Open
Description
The current implementation from #12634 has support for manual cleaning of cache data based on size. This is just a preliminary implementation, with the intent to gather better use cases to understand how size-based cleaning should work.
Some considerations for changes:
- What are the use cases for cleaning based on size?
- What should be included in size calculations (src, cache, git db, git co, indexes)?
- Does the current max-size behavior make sense? It combines src,cache and sorts on time. But should it maybe have higher precedence to delete src first (since it can be recreated locally)?
- Should it include indexes (It doesn't because deleting an index seems like it would not be something that you would want, and there are relatively few indexes).

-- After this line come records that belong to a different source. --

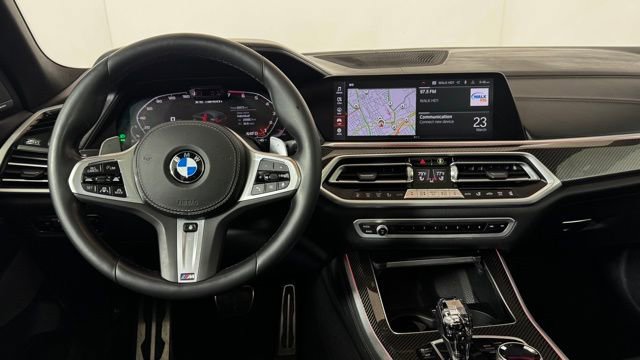 2023 BMW X5 M50i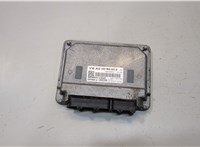  Блок управления двигателем Volkswagen Fox 2005-2011 9465331 #1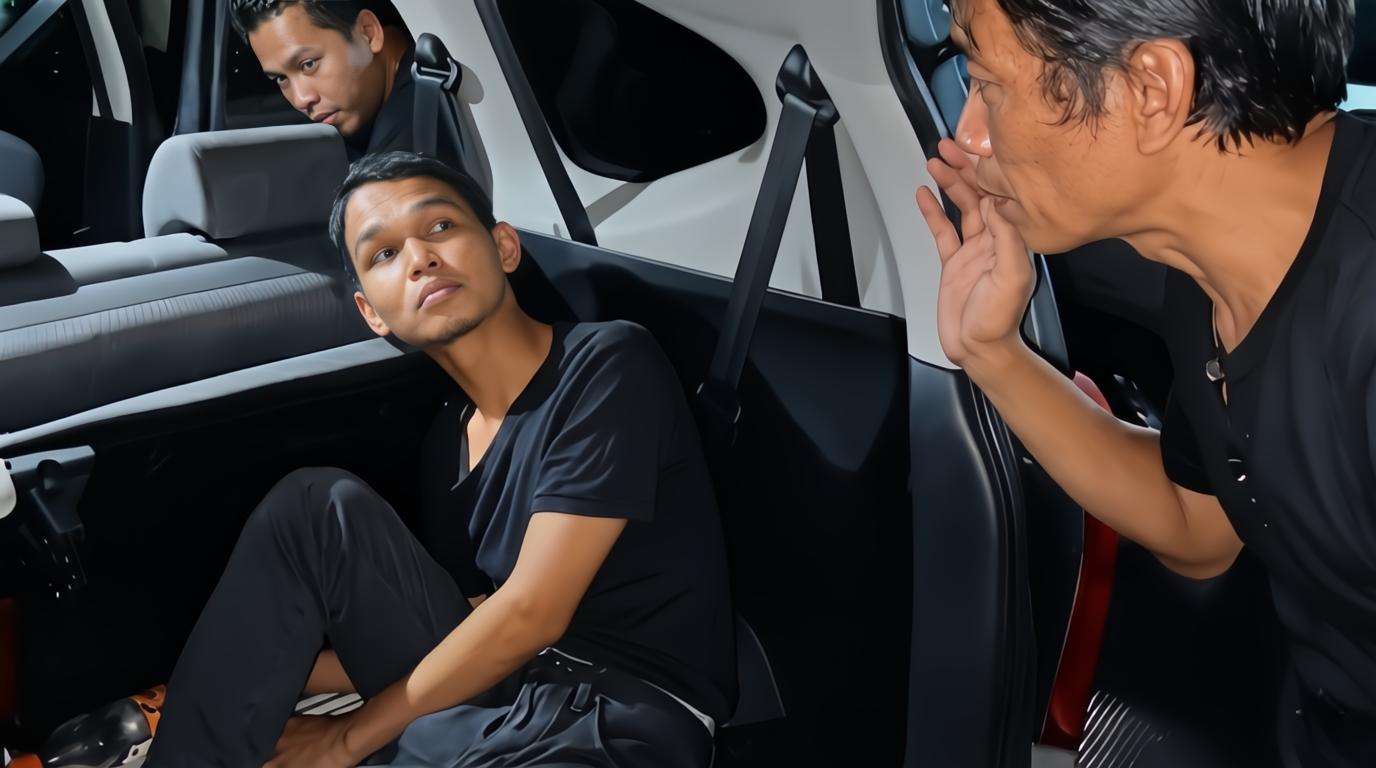 Pelaku Pembunuhan Anak Politisi PKS Cilegon Ditangkap Saat Hendak Mencuri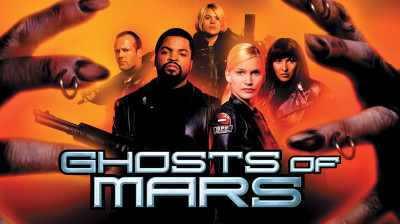 Ghosts of Mars (film complet en français)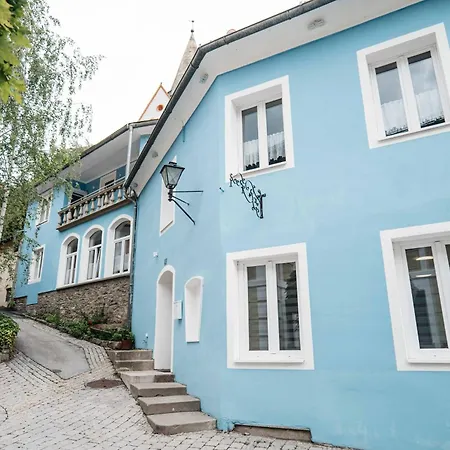 Kek-haz Centrum Daire Murau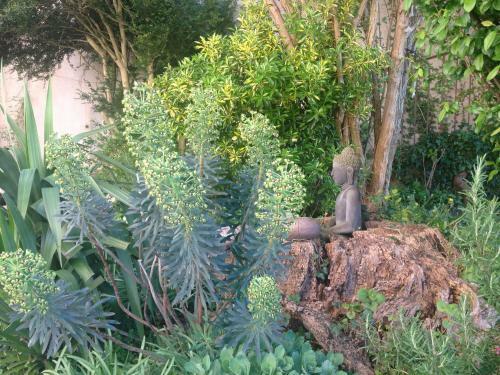 Bed & Breakfast La Maison F�vret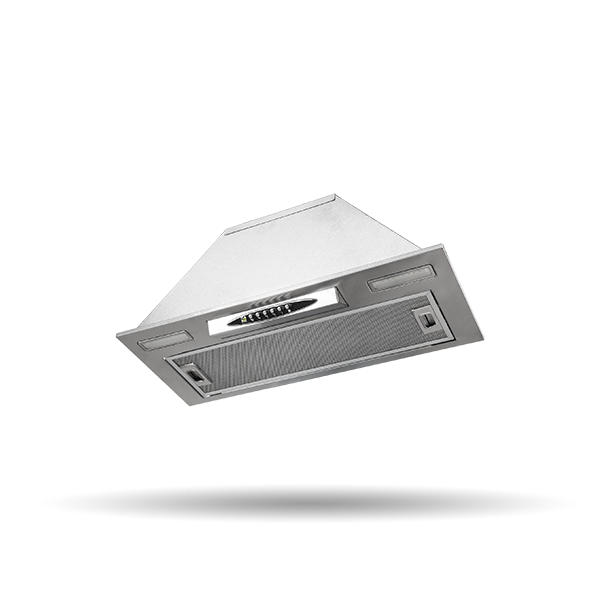 هود استیل 70c پرنیان استیل- PH4702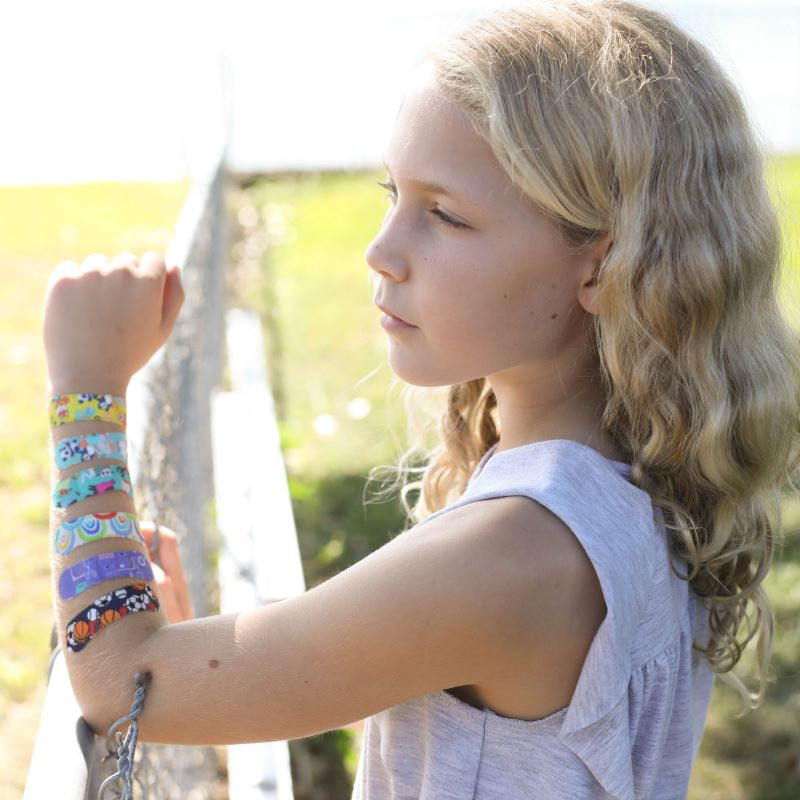 Cancer Causing? Surprising Things About Bandages Every Mom Should Know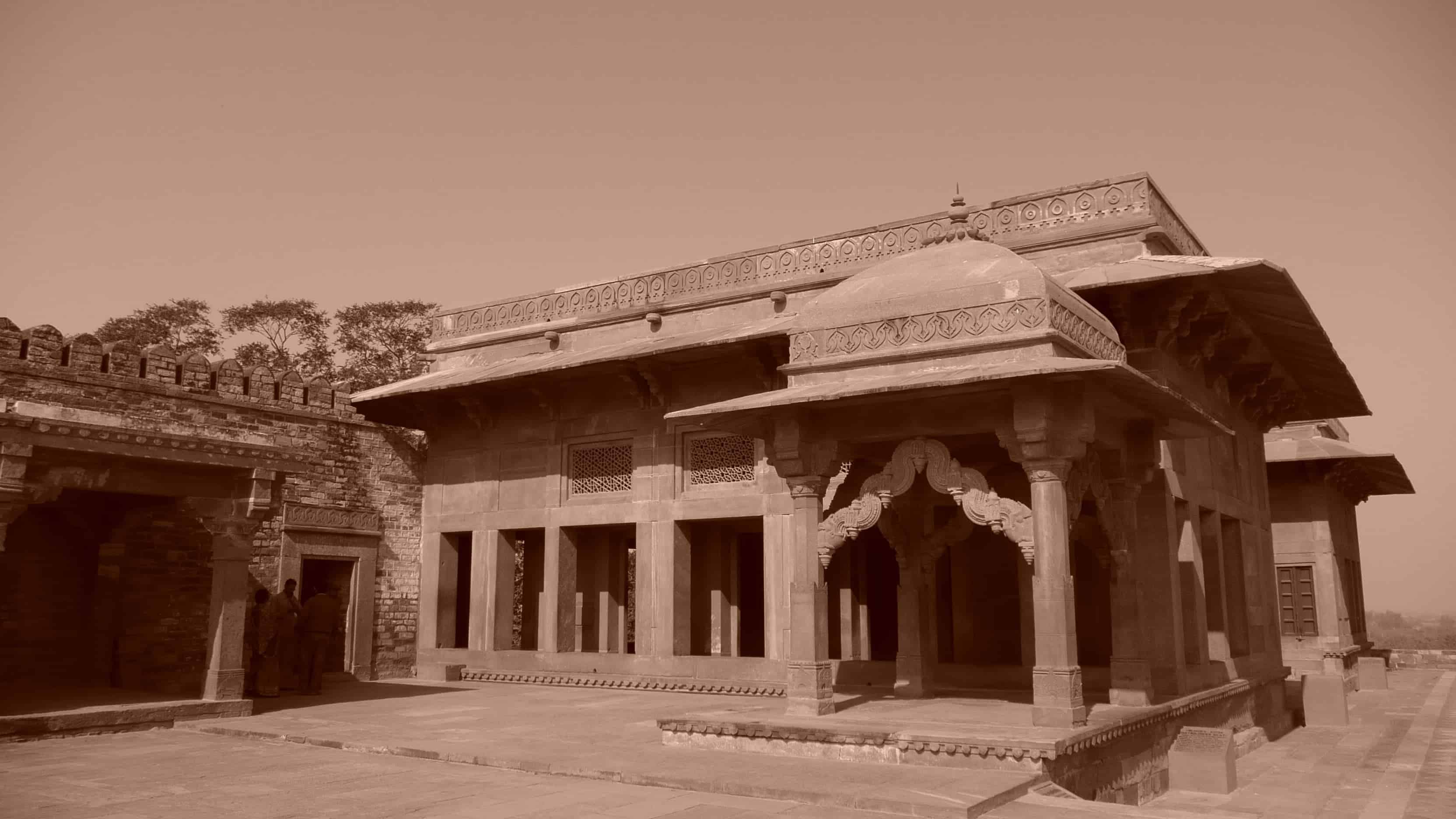 The 7 Most Haunted Places in Rajasthan Go Backpacking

- What should be the priorities for what it cleans first?
- What should be the CLI options be for specifying manual size cleaning?
- Should
--max-download-size
include git caches? - Should automatic gc support size-based cleaning?
- This may be tricky to implement, since you don't want to delete anything that is being used by the current build, and could potentially cause cache thrashing.
- It's not clear to me at which point during the build it should do a size-based cleaning.
- Tracking size data is slow.
- The current
du
implementation is primitive, and doesn't know about block sizes, and thus vastly undercounts the disk usage of small files. Should it be updated or replaced to use a better implementation? (It also doesn't handle hard-links, see gc: Verify du_git_checkout works on Windows #13064).